**Work item:** Your reply is to be the lines below, exactly as written, with images omitted.

**Collected data:**
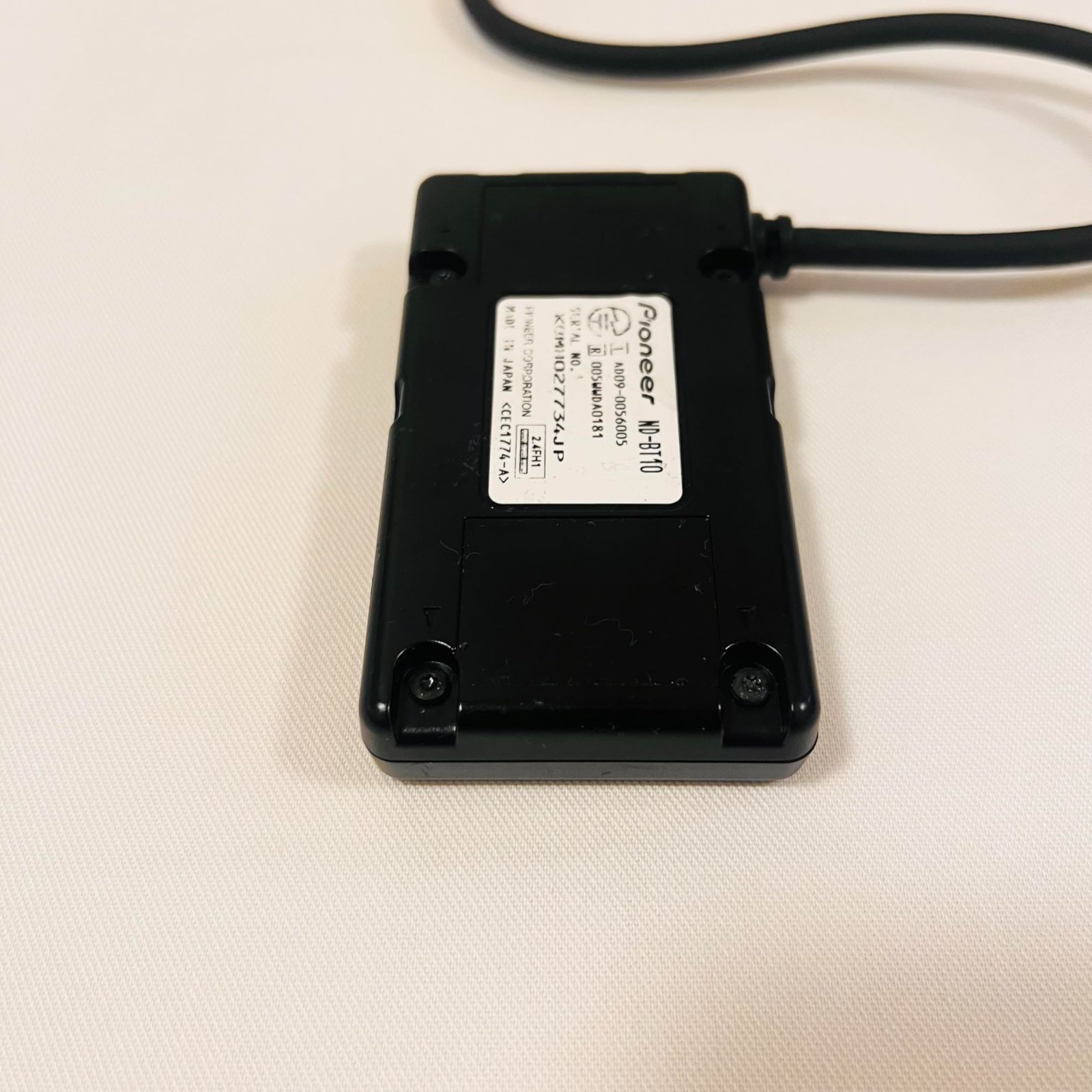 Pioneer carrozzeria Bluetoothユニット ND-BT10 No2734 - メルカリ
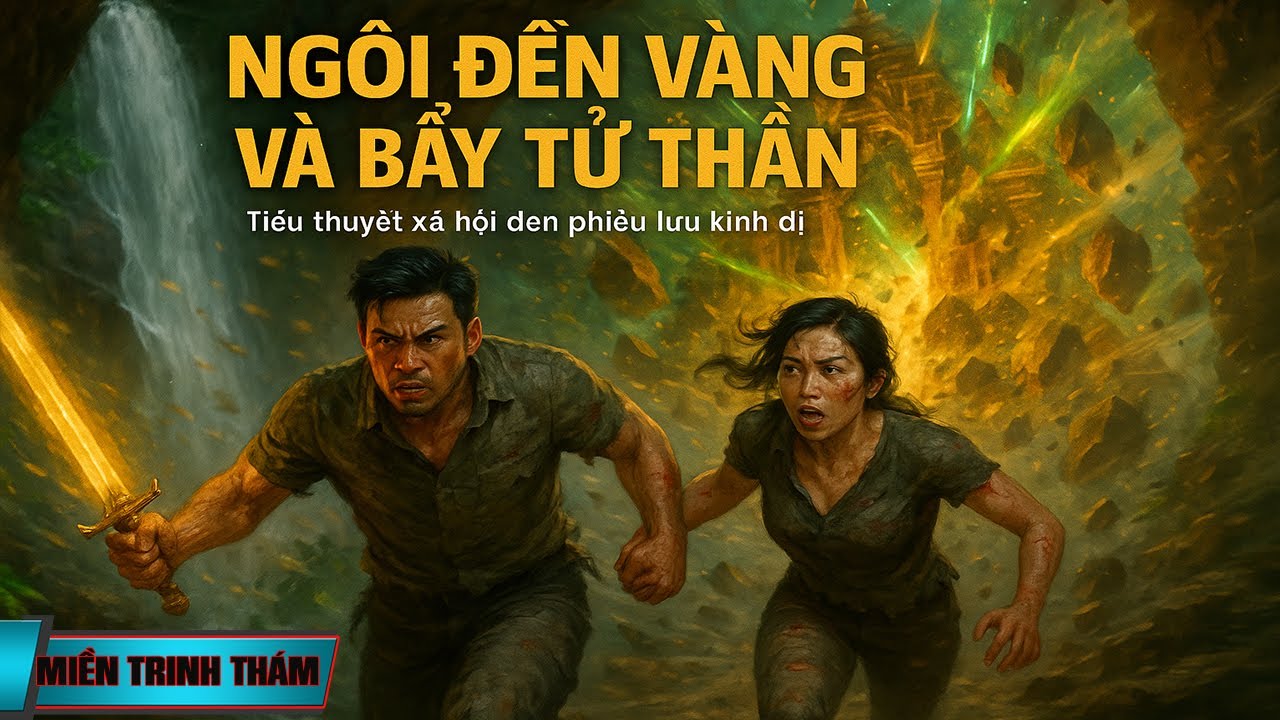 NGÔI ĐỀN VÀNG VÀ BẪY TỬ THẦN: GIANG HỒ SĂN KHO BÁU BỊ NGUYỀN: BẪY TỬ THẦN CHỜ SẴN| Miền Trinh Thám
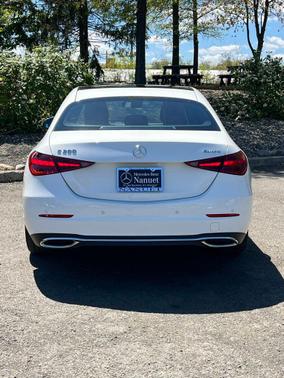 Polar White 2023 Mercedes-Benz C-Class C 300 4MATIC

**Exercise result:**
 Pioneer carrozzeria Bluetoothユニット ND-BT10 No2734 - メルカリ
 NGÔI ĐỀN VÀNG VÀ BẪY TỬ THẦN: GIANG HỒ SĂN KHO BÁU BỊ NGUYỀN: BẪY TỬ THẦN CHỜ SẴN| Miền Trinh Thám
 Polar White 2023 Mercedes-Benz C-Class C 300 4MATIC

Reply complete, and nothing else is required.